# mylar vs food buckets (for the preppers)



## hyenas (Mar 5, 2007)

I'm new to the whole food storage game and I have a pretty basic question. Why do I need to have a food-grade bucket if I'm using mylar bags and oxygen absorbers? I'd really rather not store 5-gallon buckets of beans, but one-gallon bags of a variety of stuff. And save the precious buckets for flours and grains. 

I know mylar is easily punctured but wouldn't a cardboard box do the job? Educate me please.


----------



## xix (Dec 22, 2006)

I was just rambling about this with my husband -- I was watching some videos on you tube and the food was in a ziplock, then vacuum sealed, then wrapped in plastic wrap, and then sealed in a mylar bag and then she pointed out using food safe plastic bucket to store it in... I think it was a bit redundant at that point.

I personally would be fine with storing something in a container other than a food safe bucket if I'd already packaged it in something else. 

I also use save my food buckets for grains.


----------



## judylou (Jun 19, 2009)

You might find the most relevant info and detailed answer to your question over on the Survival & Emergency Preparedness forum here.  That is where most of the food storage issues are discussed and I find several discussions there applicable to your question.

Basically I think the answer depends on how long you plan to store the food.
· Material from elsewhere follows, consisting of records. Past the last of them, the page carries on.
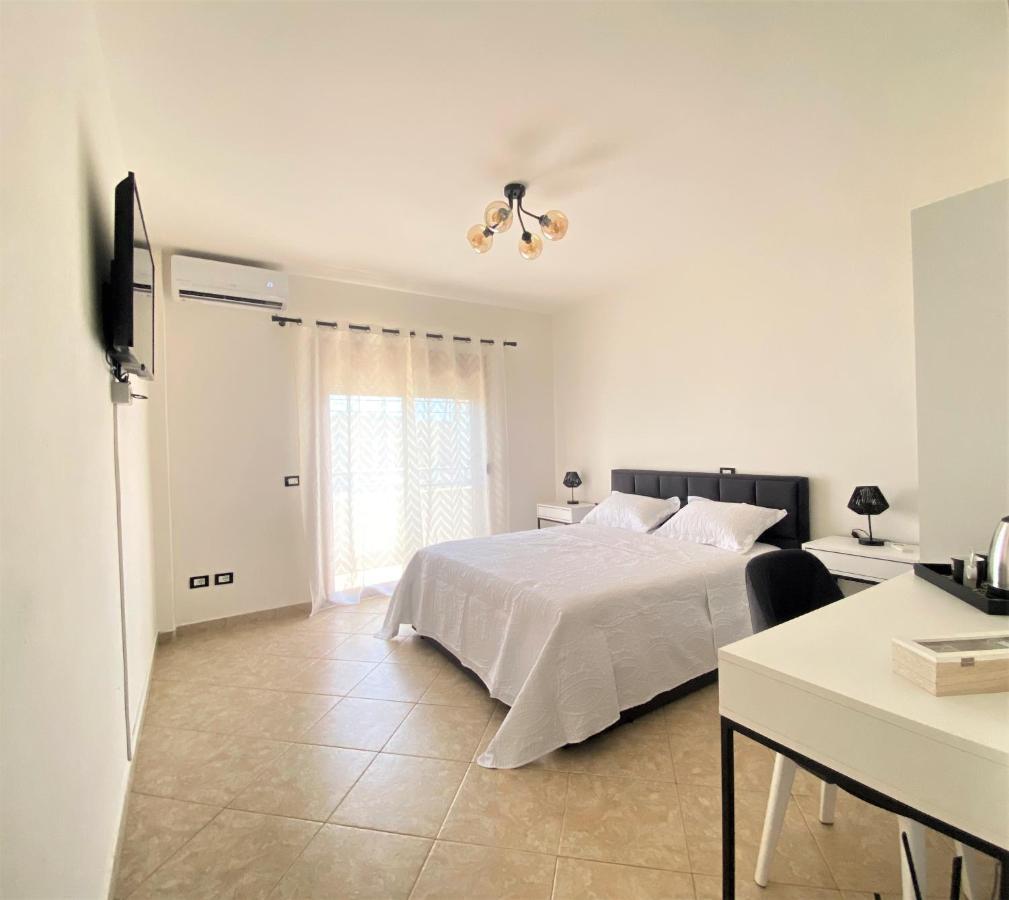 The White Corner Apartment Durres Bagian luar foto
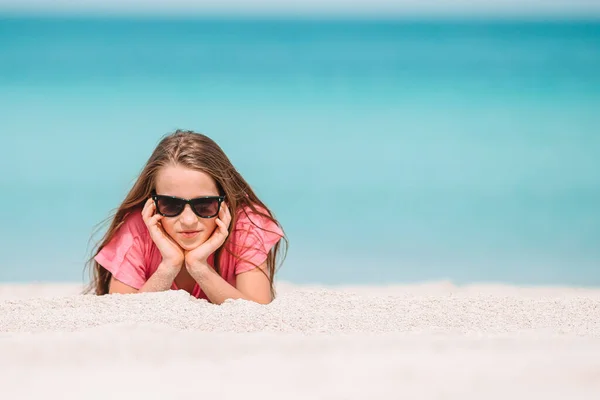 Adorable active little girl at beach during summer vacation — Stock Photo, Image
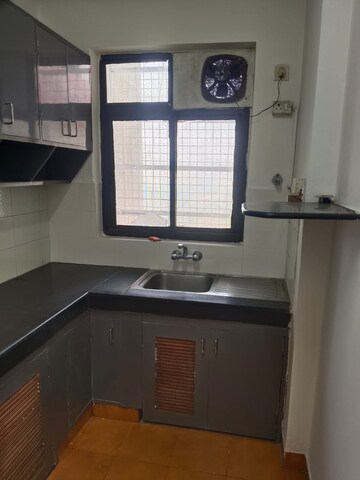 Kitchen in 2 BHK Apartment at DLF Regency Park I, Dlf Phase iv – for Rent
Long term storage requires extensive and redundant packaging and since mylar and the buckets serve different purposes, both are needed. If you are talking short term storage (2 years or less) and regular rotation then you can cut corners on the packaging.


----------



## Guest (Feb 14, 2011)

Because if we did not specify "food safe" buckets even with the use of aluminized Mylar it is a near certainty that some fella is going to use a bucket that held transmission fluid, pesticides, or some other chemical that no one in their right mind would use for food storage that he'd "clean it out pretty good" before he put the bags in that he "sealed up pretty well." Then a year, five years, ten years later when they opened the buckets again and the whole thing reeked so bad no one would take a chance on actually opening and eating any of the food in the bags. Or maybe he hadn't done such a good job of sealing the bag or it had pin holes in it or worse still the buckets had once contained something so infusive that it actually managed to penetrate even a well sealed bag then the people who unwittingly ate the food were to get sick from it.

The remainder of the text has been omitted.